SECRET OF THE INCAS. Paramount Pictures, 1954. Charlton Heston, Robert Young, Nicole Maurey, Thomas Mitchell, Glenda Farrell, Michael Pate, Yma Sumac. Director: Jerry Hopper.

   Before there was Indiana Jones, there was Charlton Heston in Secret of the Incas. A lackluster action movie filmed on location in Peru, the movie features Heston in khaki pants, a leather jacket, and a fedora. He portrays scheming smart aleck Harry Steele, a would-be adventurer and treasure seeker unhappily giving wealthy Americans tours of Cusco, Peru. Even more than women, Harry has one thing on his mind. Money.

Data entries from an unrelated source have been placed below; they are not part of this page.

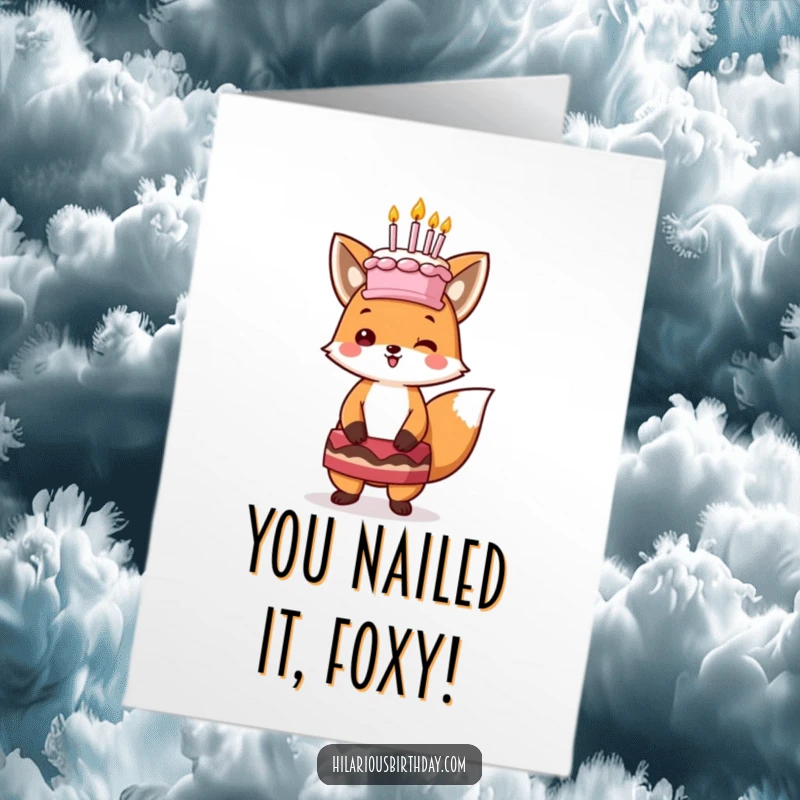 Funny Free Printable Congratulations Card: Happy Kawaii fox balancing a cake with candles, celebrating success with flair.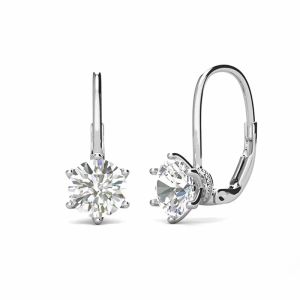 Серьги 2CT D Color VVS1 Серьги для клипа Moissanite для женщин Серьги с белым золотом, покрытые белым золотом.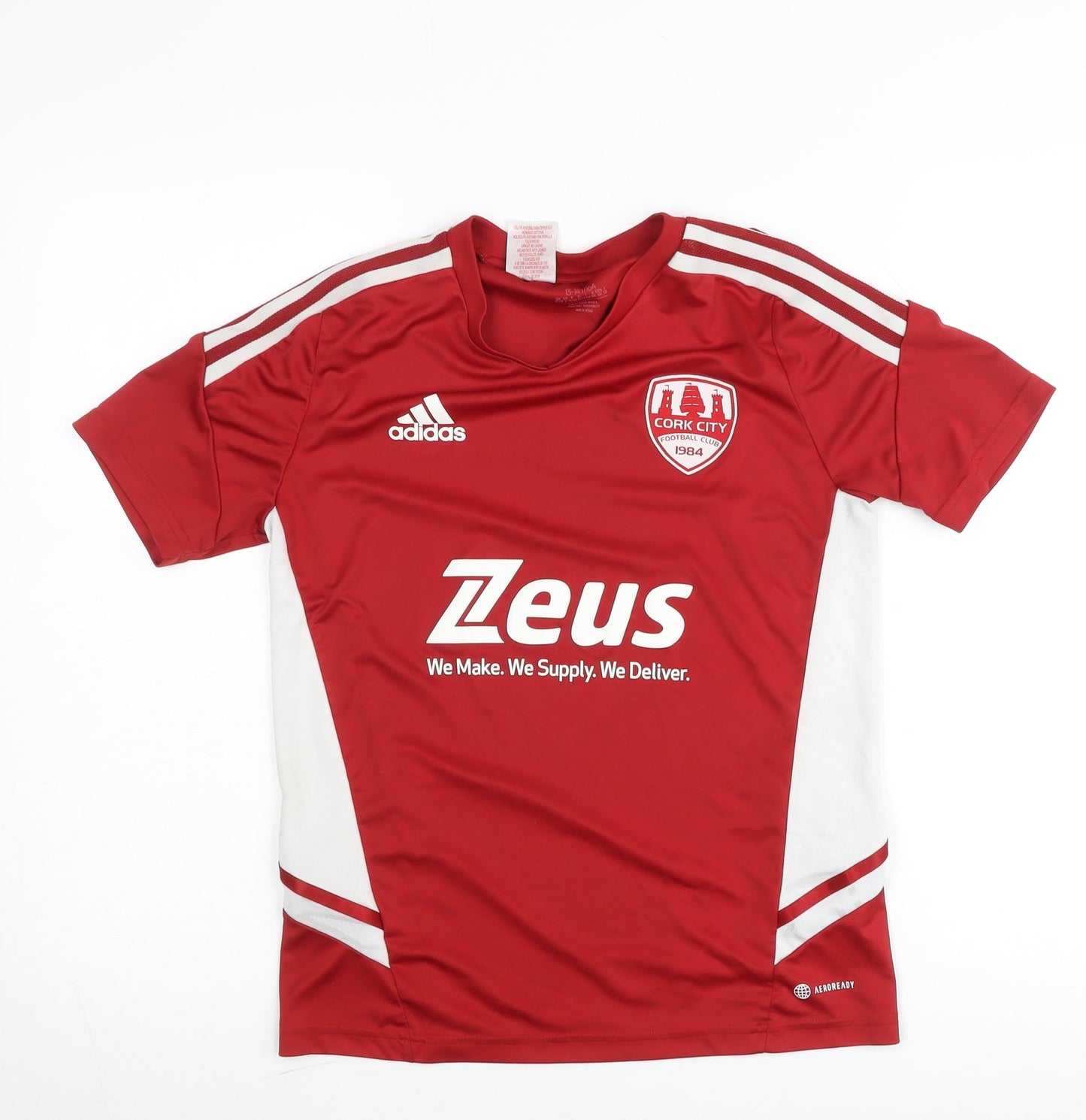 Adidas Boys Red Cork City Football Jersey 13-14 Years Sports Shirt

   All that begins to change when Romanian exile, Elena Antonescu (Nicole Maurey) arrives in town, the communist authorities hot on her trail. When he and Elana steal a private plane and head to Machu Picchu to steal an Incan treasure (his plan, not hers), it feels as if you’re about to take part in a great adventure and a character’s radical moral transformation.

   Except you’re not.

   Truth be told, Secrets of the Incas is, with a few exceptions, an epic bore. The on-location photography, including some truly breathtaking mountain vistas, is wasted on a lackluster script and strikingly unoriginal direction.

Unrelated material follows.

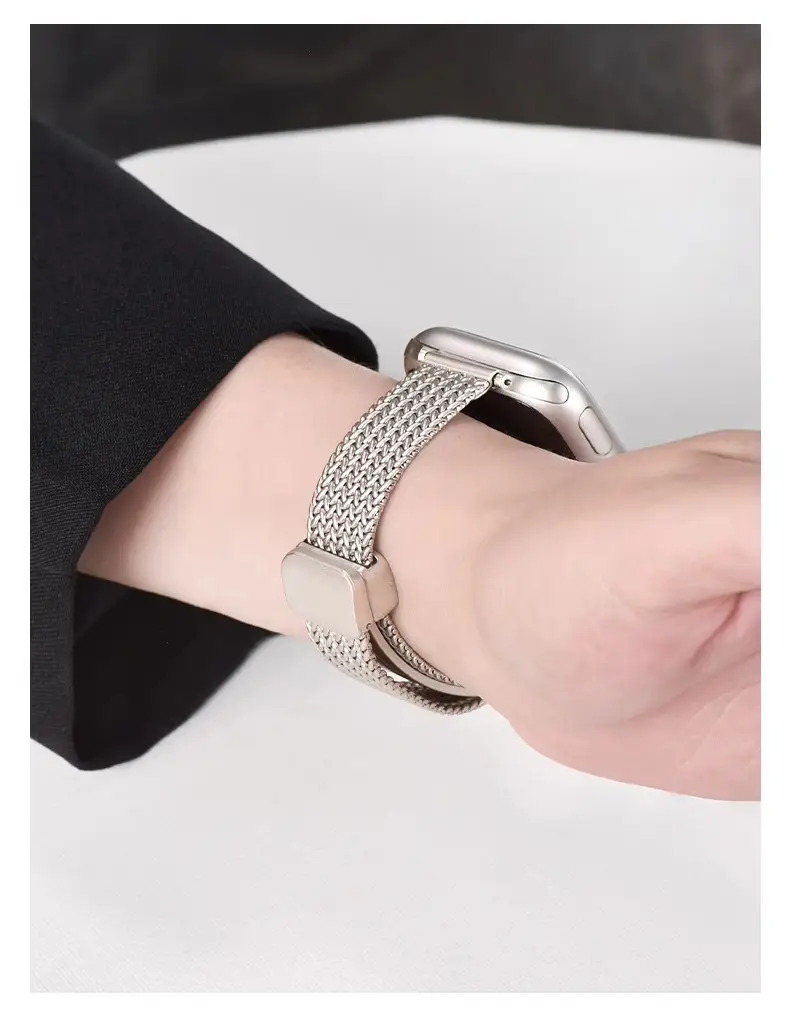 Suitable for Apple Watch Wheat Ear Magnetic Buckle Stainless Steel Apple Watch Strap S10 Advanced Replacement Strap — feature 14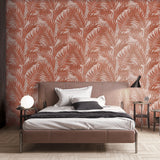 Veer Decor Embroidered Palm Red Wallpaper 8389-AA7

   Heston, who was more than capable of portraying men with villainous streaks, does his best with what he was given. His character, thought by many to be the basis for Indiana Jones, hardly has Indy’s rapscallion charm. Harry Steele isn’t a particularly interesting character; indeed, when he finally realizes that there’s other things in life other than money, it’s with the type of bitterness Heston was so capable of emoting. But truthfully it’s difficult to care all that much: another day, another modernist epiphany.

   All of which leaves the viewer with the question: if it weren’t for Indiana Jones, would anyone anywhere care about Harry Steele?